Finding out that your child is differently able is one of the most shattering things that can happen to parents. It may happen at birth, after an illness or accident, or you may discover something wrong as your child develops. You may go through many of the emotions people feel after a major, sudden loss. You may feel grief at the loss of dreams for your child's future and worry about their quality of life. 

Big changes for parents and families may cause stress and pressure on relationships. It will help you and your child if you seek early support from professionals, family, and friends. Other parents in the same situation can be helpful, too. It's also important to take time to look after yourself. 

Remember that every child has different abilities. Children who are differently able can have a joyful life, bring joy to others, and achieve a quality of life.

Quality of life
Quality of life is not about ability. It's about your child having happy times, feeling well, safe and comfortable, feeling pride in what they can do, and being a loveable person. Differently able children can lead positive, happy lives and bring joy to themselves and others.
Your feelings
When you first realise your child is differently able, you may feel the grief that many people feel after a loss. This can include shock, disbelief, anger, blame, guilt, sadness, questioning why it happened to you and your child, and panic or fear that you won't be able to cope. 

These feelings can (but may not) come back throughout your child's life as new losses happen, e.g., if your child can't attend the local school, make friends, or become independent. So, while you can achieve some healing, it's not just one loss but a loss that may happen repeatedly. Take time to grieve when you need to. You don't have to manage this alone, as help is available.

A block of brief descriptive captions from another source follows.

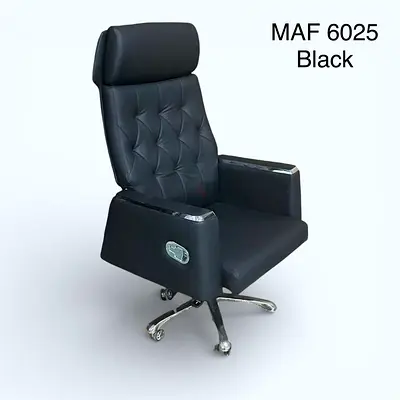 Black Executive Office Chair-6025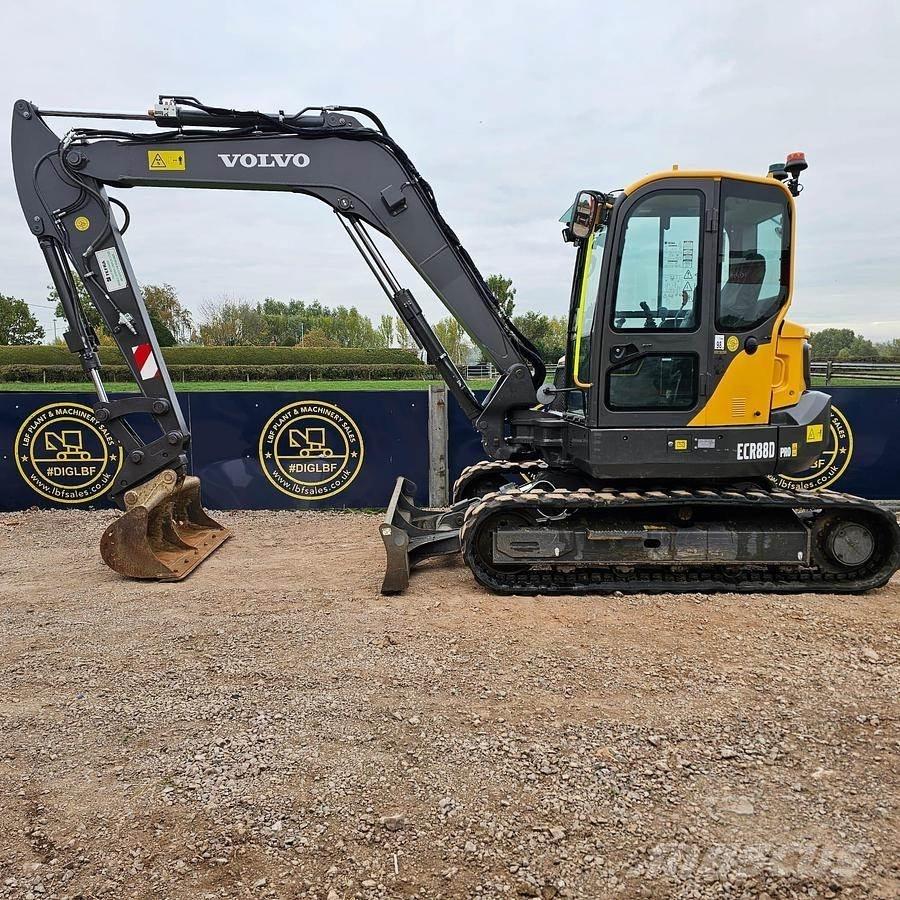 Volvo ECR88D PRO Special excavators
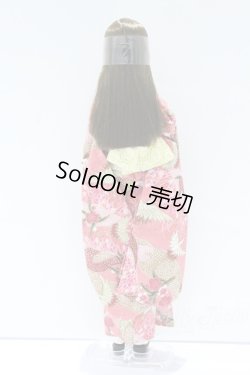 画像5: ジェニー/着物オリーブ S-25-12-21-417-GN-ZS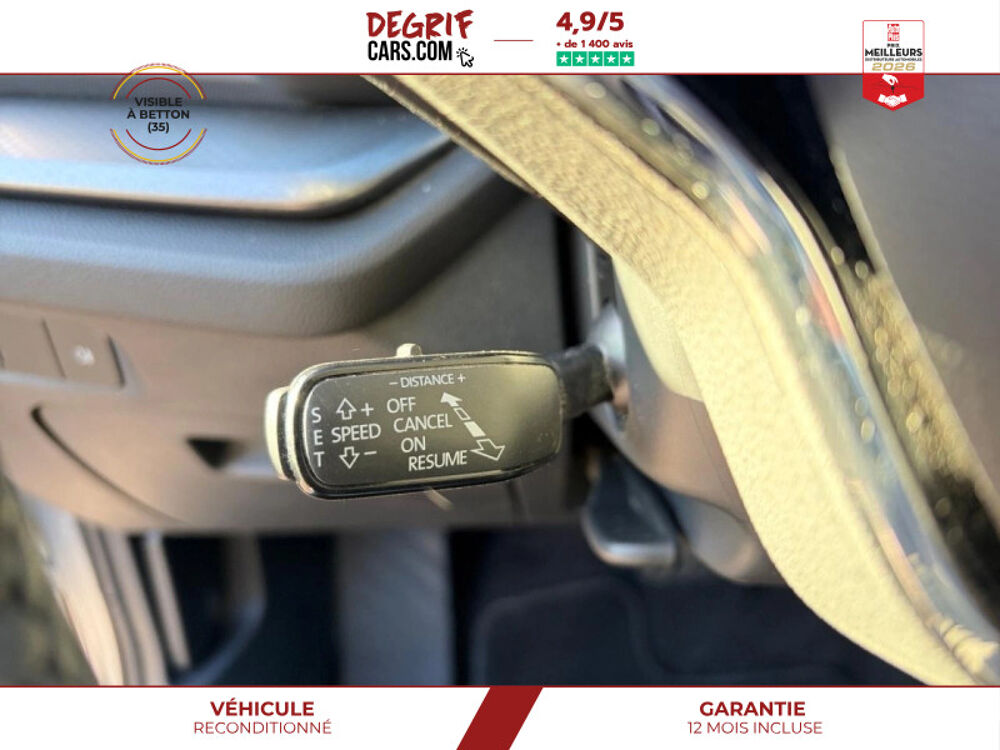 Octavia Combi 2.0 TDI 116 DSG Business + HAYON ELEC + AIDES STATIONN 2023 occasion 35830 Betton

How well you cope with your own feelings and your child's ability depends on lots of things:

What sense can you make of what has happened to your child (what you tell yourself about it)? This can be affected by how well it was explained to you and what the cause was - 


  • Your partner's reactions and how he/she copes 

  • The amount of support you have from family and others 

  • The amount of respite you have 

  • The relationship you build with your child 

  • The quality of life your child has

  • The effect it has on your family life and working life 

  • For some people, support from their religious faith

If you have negative feelings towards your child that won't go away, it's important to get help. Remember, many parents feel this way at times.